So, by now you’ve probably heard about this so-called rash of clown sightings in some states. The Tennessee Highway Patrol even went so far as to post a warning to beware of persons dressed as clowns after reports of clowns threatening children in East Tennessee. According to a report on WSMV, the THP warns these men could be predators. If you happen to come across any related cases call 911 or *847.
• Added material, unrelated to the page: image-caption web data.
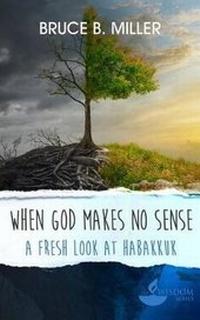 Enlarge image Cover: When God Makes No Sense - Dadlin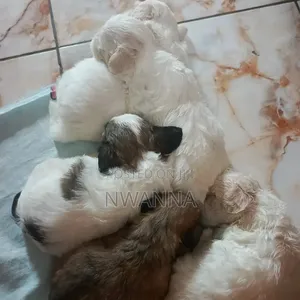1-3 months Female Purebred Lhasa Apso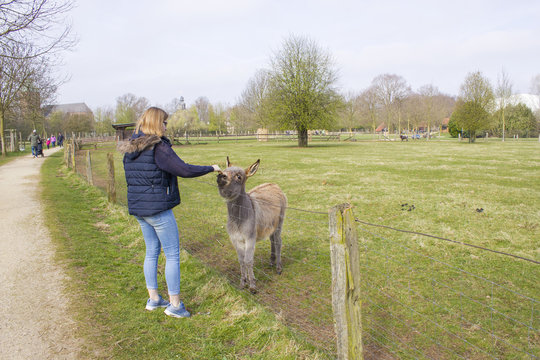young girl feeding donkey at zoo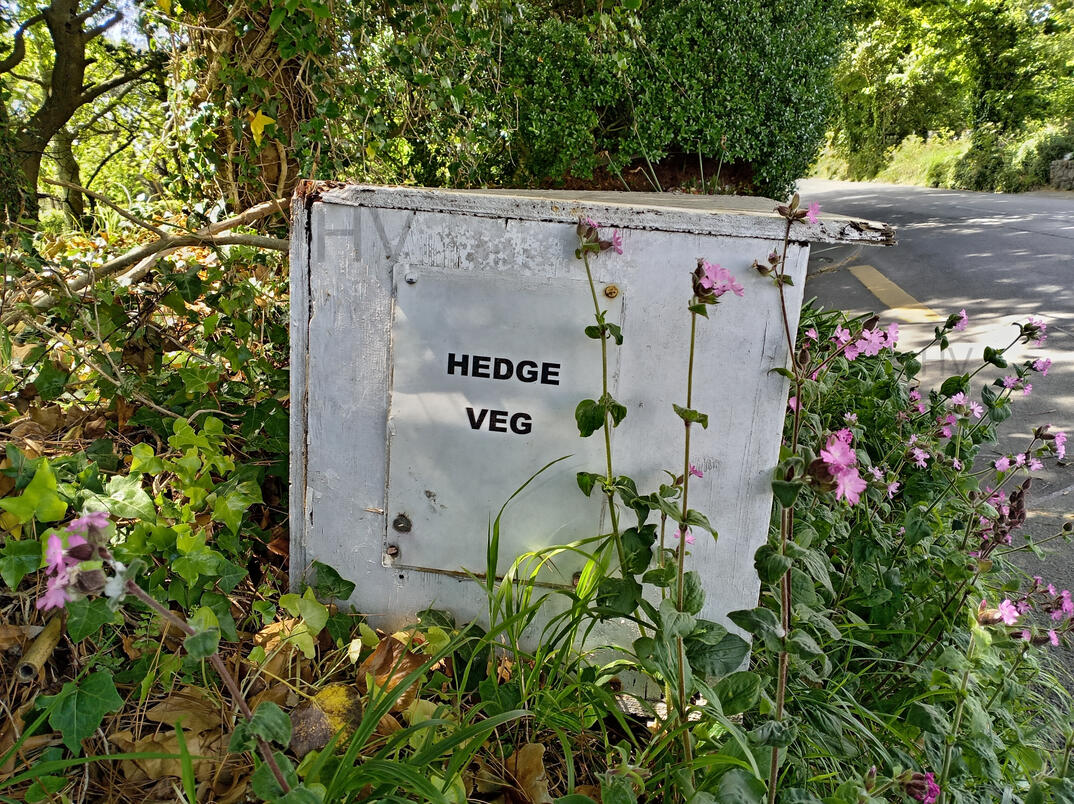 hedge vege box in Guernsey lane. wooden shed surrounded by roses
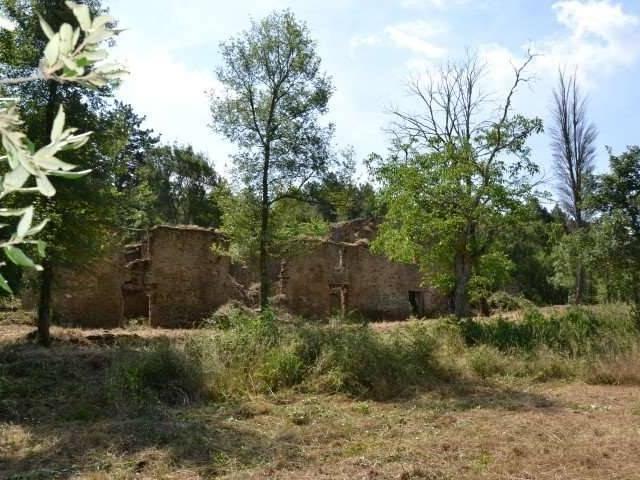 Rustico / Casale in vendita a Arezzo AR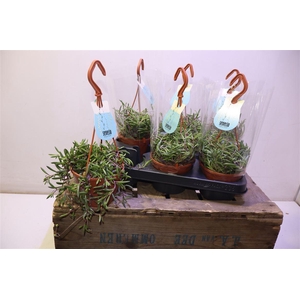 arr8 Senec H Purple Flush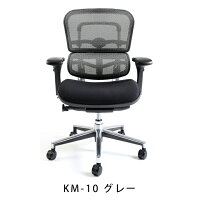新商品《期間中ポイント10倍!》【完成品】エルゴヒューマンベーシック/クッション座面タイプ(座カラー:ブラックのみ限定)/ヘッドレスト無し【搬入・設置・梱包材引取り無料】【家財便送料無料】高機能メッシュオフィスチェア/エルゴヒューマンチェア/EGP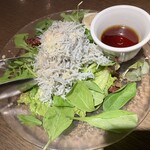 魚祭 - 朝どれシラスのMt.Fujiサラダ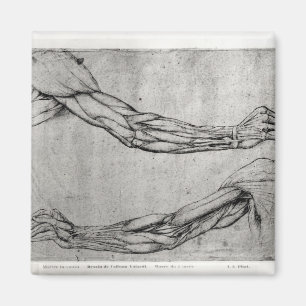 Study of Arms Magnet
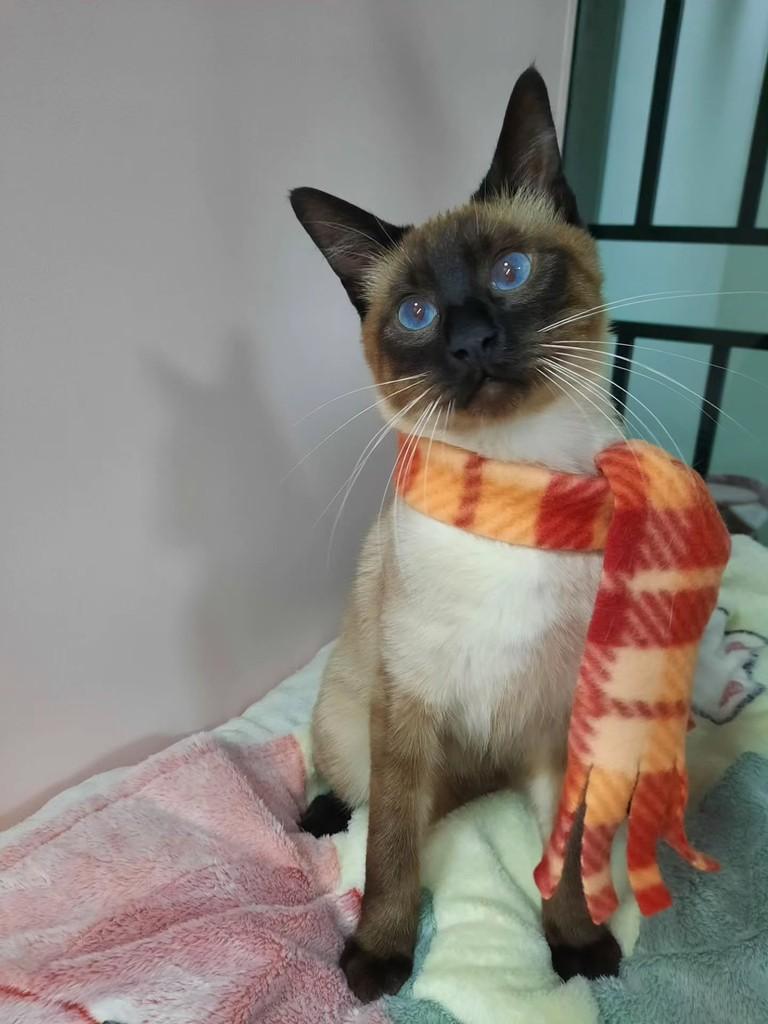 Afonso, gato de porte pequeno para adoção em São Paulo - SP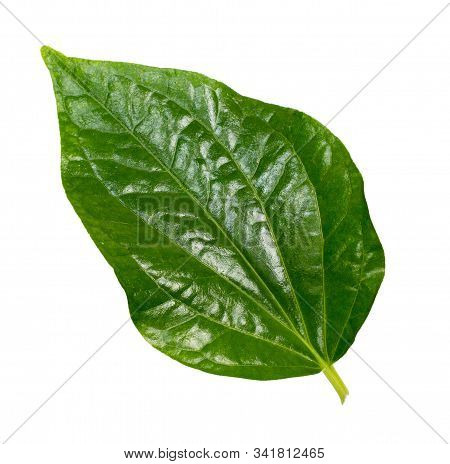 One Betel Leaf On A White Background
Better yet, you should prepare to defend yourself. Author Chuck Sambuchino tells you how in his book, When Clowns Attack, which I reviewed for Blogging for Books last year. Here’s the review in case you missed it:
Just in time for Halloween comes an indispensable survival guide, When Clowns Attack (Ten Speed Press, $14.99). The slim hardcover book by Writer’s Digest advice expert Chuck Sambuchino may sound silly, but it treats its topic as deadly serious. (Hey, clowns might look like they are having a lot of fun, but that’s part of their way of luring you in for one of their patented bozo attacks!)
Following on the heels of the popular Zombie Survival Guide: Recorded Attacks by Max Brooks and his own How to Survive a Garden Gnome Attack, Sambuchino exposes a far more credible threat and ways to deal with it in his killer clown opus. Zombies may be scary, but clowns are real, OK?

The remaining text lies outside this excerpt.